• [Records for this task]
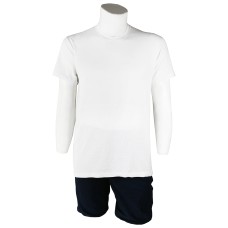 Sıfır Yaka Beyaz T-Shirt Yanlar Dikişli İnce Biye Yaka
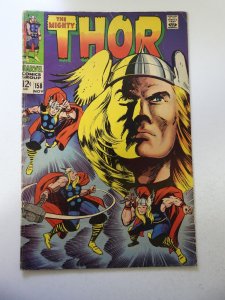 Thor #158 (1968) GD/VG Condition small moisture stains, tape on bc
==
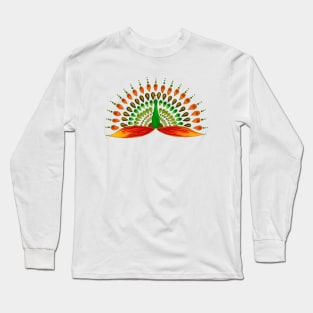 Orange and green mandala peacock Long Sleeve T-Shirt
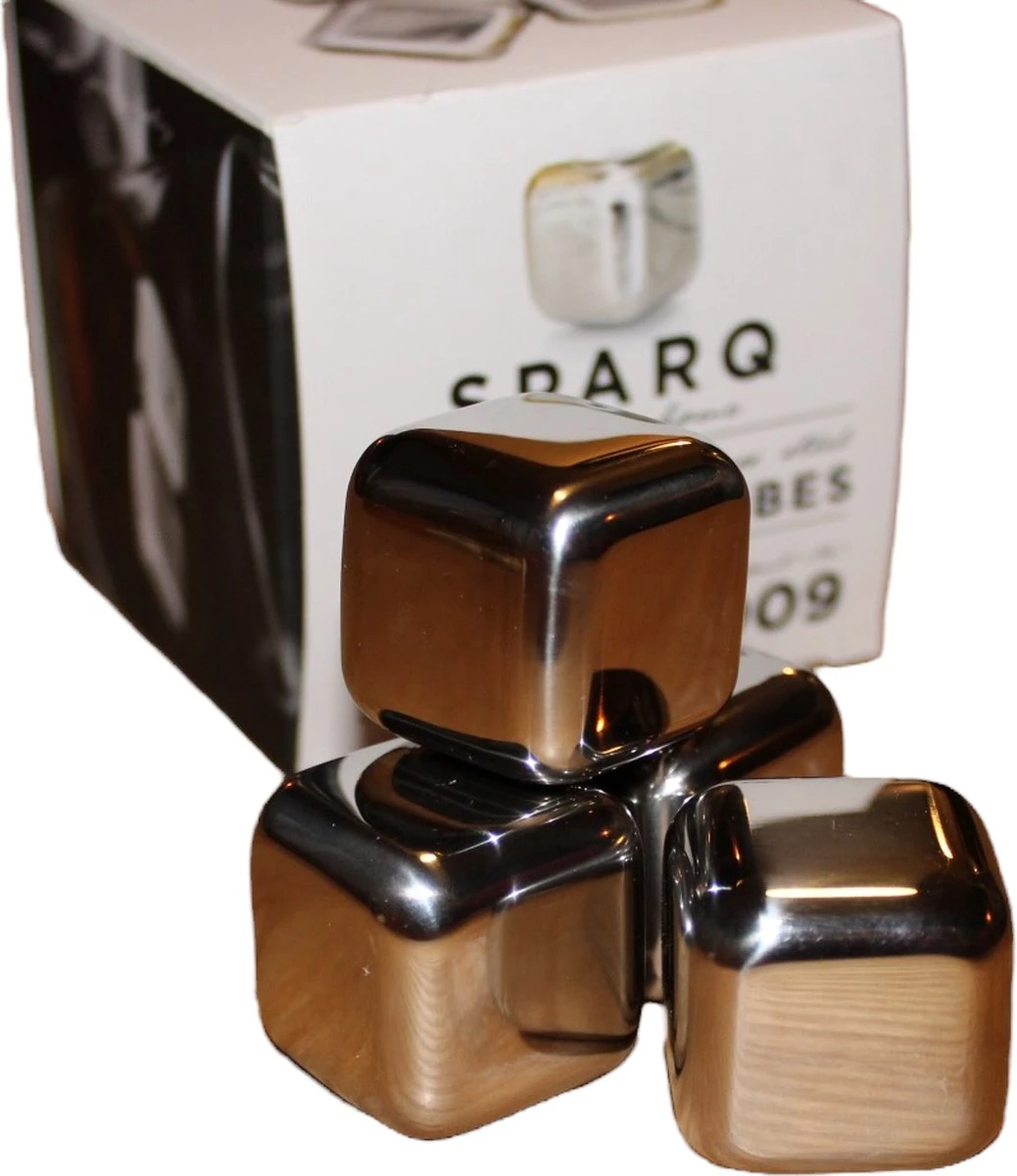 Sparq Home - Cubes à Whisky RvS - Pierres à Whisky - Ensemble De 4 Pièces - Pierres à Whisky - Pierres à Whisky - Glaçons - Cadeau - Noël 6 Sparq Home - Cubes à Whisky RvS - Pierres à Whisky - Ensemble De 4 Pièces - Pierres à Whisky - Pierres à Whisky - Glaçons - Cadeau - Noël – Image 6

• [What you need to do] Within the listing above, the stretch from the line with "Sıfır Yaka Beyaz" down to the line with "Thor #158 (1968)" is to be given again exactly, end lines included and pictures excluded.

• [Response area]
 Sıfır Yaka Beyaz T-Shirt Yanlar Dikişli İnce Biye Yaka
 Thor #158 (1968) GD/VG Condition small moisture stains, tape on bc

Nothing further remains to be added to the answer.